Também a história da literatura está carregada destes fenómenos, seja o recente despertar para a literatura erótica – a milhas de Sade e seus comparsas -, do não tão recente boom do reino da fantasia – culpem George R. R. Martin, por exemplo – ou de outros fenómenos que aparecem, fazem todo o barulho do mundo e vão depois saindo de fininho quase sem ninguém dar por eles.
No caso de José Luís Peixoto, pode dizer-se que foi um caso literário atravessado por alguma ideia de moda, em que a qualidade literária surgiu ligada a um estilo muito próprio do autor, que rompia com a ideia mais clássica e conservadora que os leitores teriam dos escritores, sobretudo no que toca aos portugueses. E, se é verdade que os seus primeiros livros se venderam como pãezinhos quentes, os seus últimos lançamentos têm passado um pouco mais ao lado, como se o afastamento dos holofotes tivesse mexido com o acto da escrita.
É exactamente o acto de escrita que serve de impulso ao novo livro do escritor português, direccionado para o público infantil. O calendário assinala o dia 6 de Fevereiro de 1997, quando todos os jornais diários e semanários partilham na primeira página a mesma notícia: “Todos os escritores do mundo têm a cabeça cheia de piolhos” (Quetzal, 2016).
Tratava-se de uma frase dita por um escritor famoso que, assim que viu a frase impressa em letras bem gordas, tratou de corrigir dizendo “eu não disse exactamente isso“, mas o mal já estava feito e impresso.
O pandemónio foi geral, da comunidade de escritores às próprias personagens dos livros, sobretudo as dos livros infantis, que exigiram que os ilustradores trabalhassem num desenho que lavasse com champô anti-piolhos a cabeça de todos os escritores do mundo.
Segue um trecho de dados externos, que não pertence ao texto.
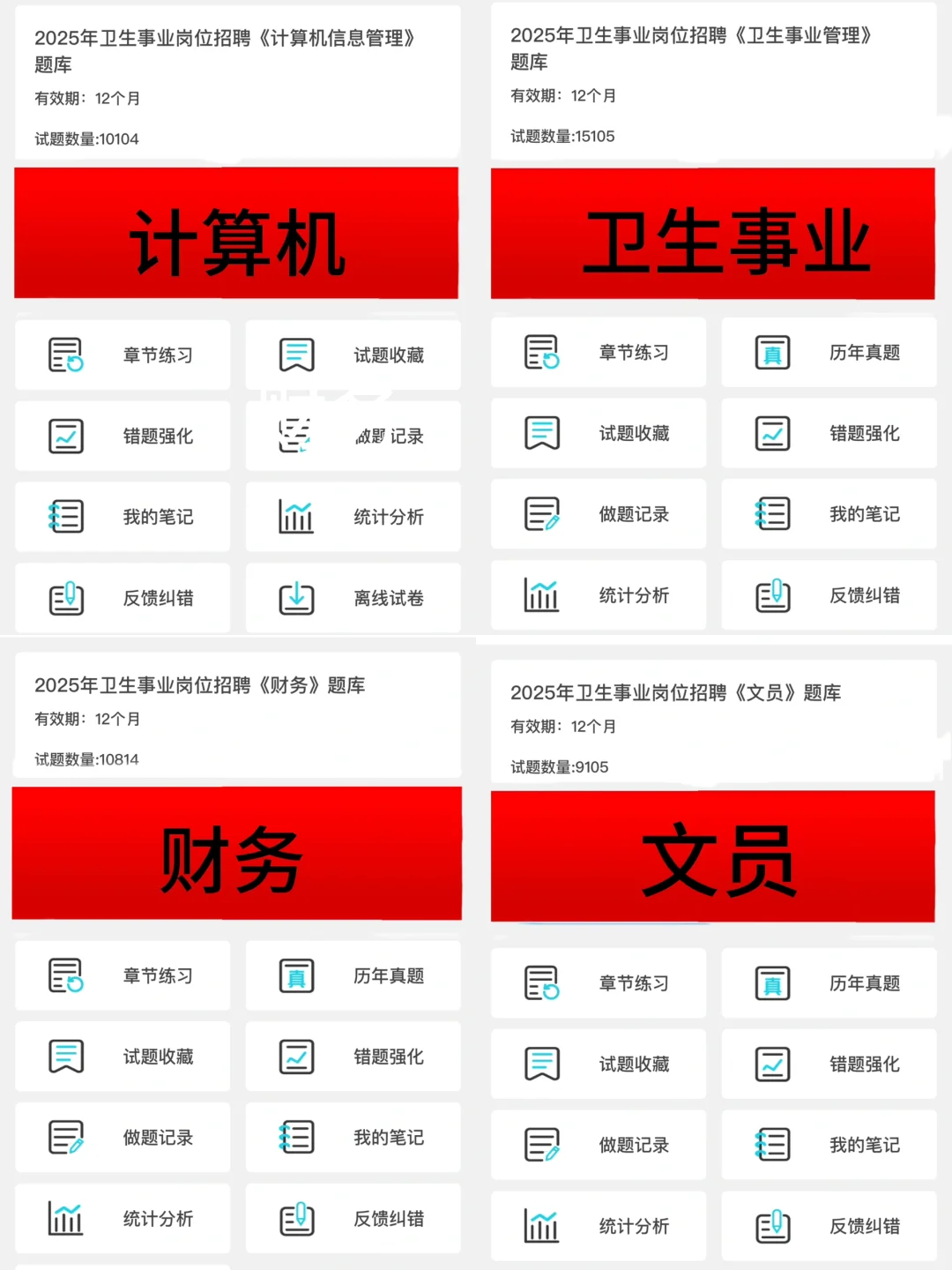 浙江青田县卫健系统，小道消息，快背！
Quando a medida não deu resultado, os escritores não têm outro remédio a não ser rapar o cabelo. A comichão, porém, continua. Mas serão realmente piolhos?
Com alguns contornos auto-biográficos, fica a ideia de que este “Todos os escritores do mundo têm a cabeça cheia de piolhos” é uma espécie de laboratório criativo de Peixoto, um livro dentro de um livro que aguarda, agora, que a comichão ataque em força revelando uma história ainda não escrita.
As ilustrações ficaram a cargo de Rita Correia, que temos vindo a acompanhar com bastante atenção. Aqui mistura variadíssimas técnicas, do desenho em modo cartoon às colagens, do uso de papel jornal ao ar de um livro de recortes, mostrando que depois de um início de carreira em modo de edição de autor tem tudo para se tornar numa das mais interessantes e inventivas ilustradoras nacionais.